▶ **Exercise directions**: Within the records below is a range that opens at the line with "Earphone Pads for" and closes at the line with "THE CARAVAN OF". Return that range word for word, both ends included, and only that range.

▶ **Records shown**:
☆ ☆ ☆

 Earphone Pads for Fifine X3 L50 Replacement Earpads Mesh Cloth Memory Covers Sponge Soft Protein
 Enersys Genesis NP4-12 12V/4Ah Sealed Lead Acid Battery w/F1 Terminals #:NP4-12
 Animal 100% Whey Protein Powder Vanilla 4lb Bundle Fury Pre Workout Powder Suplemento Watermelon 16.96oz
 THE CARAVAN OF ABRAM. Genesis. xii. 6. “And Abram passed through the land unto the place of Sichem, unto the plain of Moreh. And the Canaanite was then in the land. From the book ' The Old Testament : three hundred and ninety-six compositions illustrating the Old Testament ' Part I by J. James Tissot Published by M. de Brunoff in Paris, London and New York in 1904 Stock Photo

☆ ☆ ☆

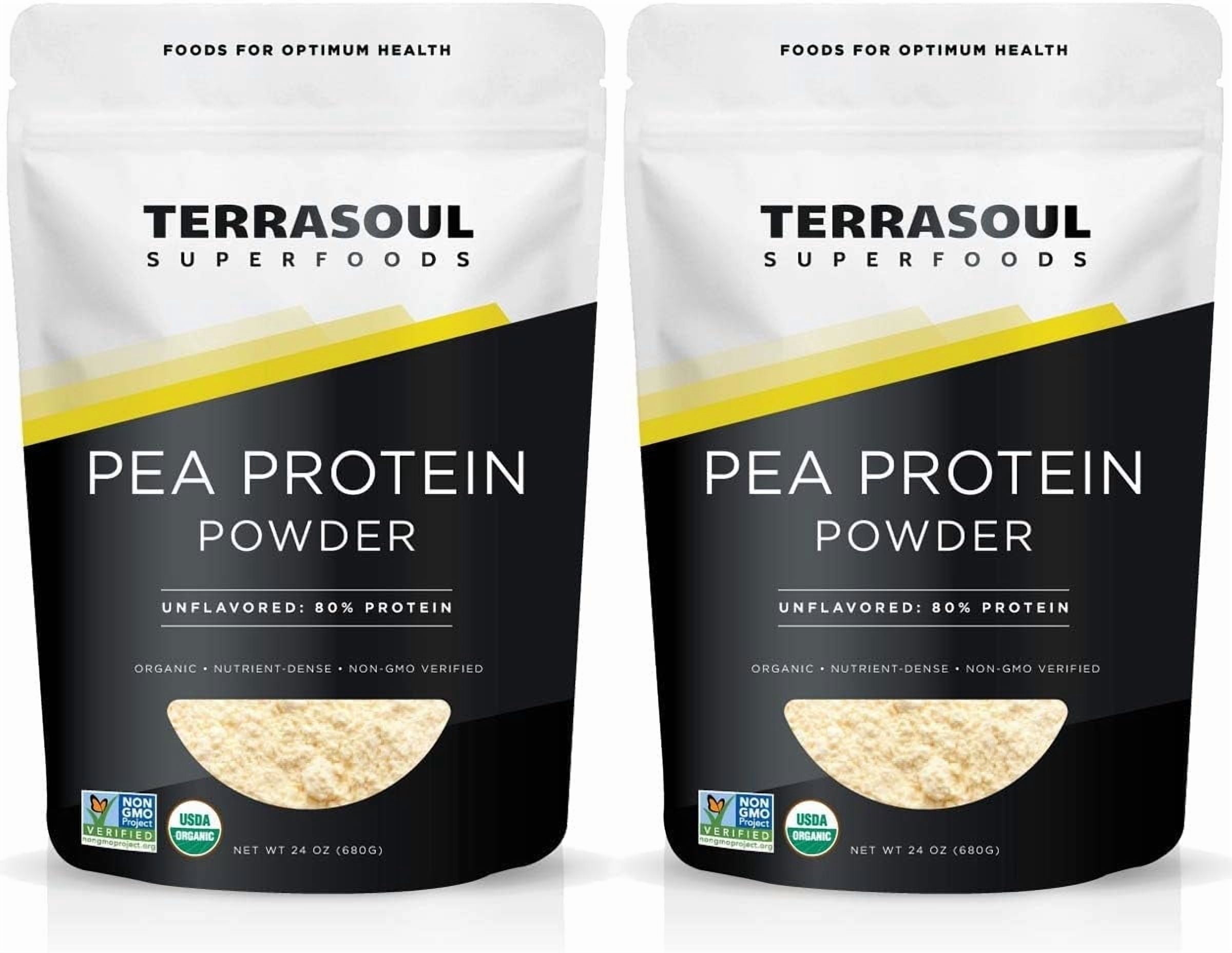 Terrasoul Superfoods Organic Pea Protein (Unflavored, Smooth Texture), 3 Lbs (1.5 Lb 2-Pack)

☆ ☆ ☆

▶ **Solution to the problem**:
 Earphone Pads for Fifine X3 L50 Replacement Earpads Mesh Cloth Memory Covers Sponge Soft Protein
 Enersys Genesis NP4-12 12V/4Ah Sealed Lead Acid Battery w/F1 Terminals #:NP4-12
 Animal 100% Whey Protein Powder Vanilla 4lb Bundle Fury Pre Workout Powder Suplemento Watermelon 16.96oz
 THE CARAVAN OF ABRAM. Genesis. xii. 6. “And Abram passed through the land unto the place of Sichem, unto the plain of Moreh. And the Canaanite was then in the land. From the book ' The Old Testament : three hundred and ninety-six compositions illustrating the Old Testament ' Part I by J. James Tissot Published by M. de Brunoff in Paris, London and New York in 1904 Stock Photo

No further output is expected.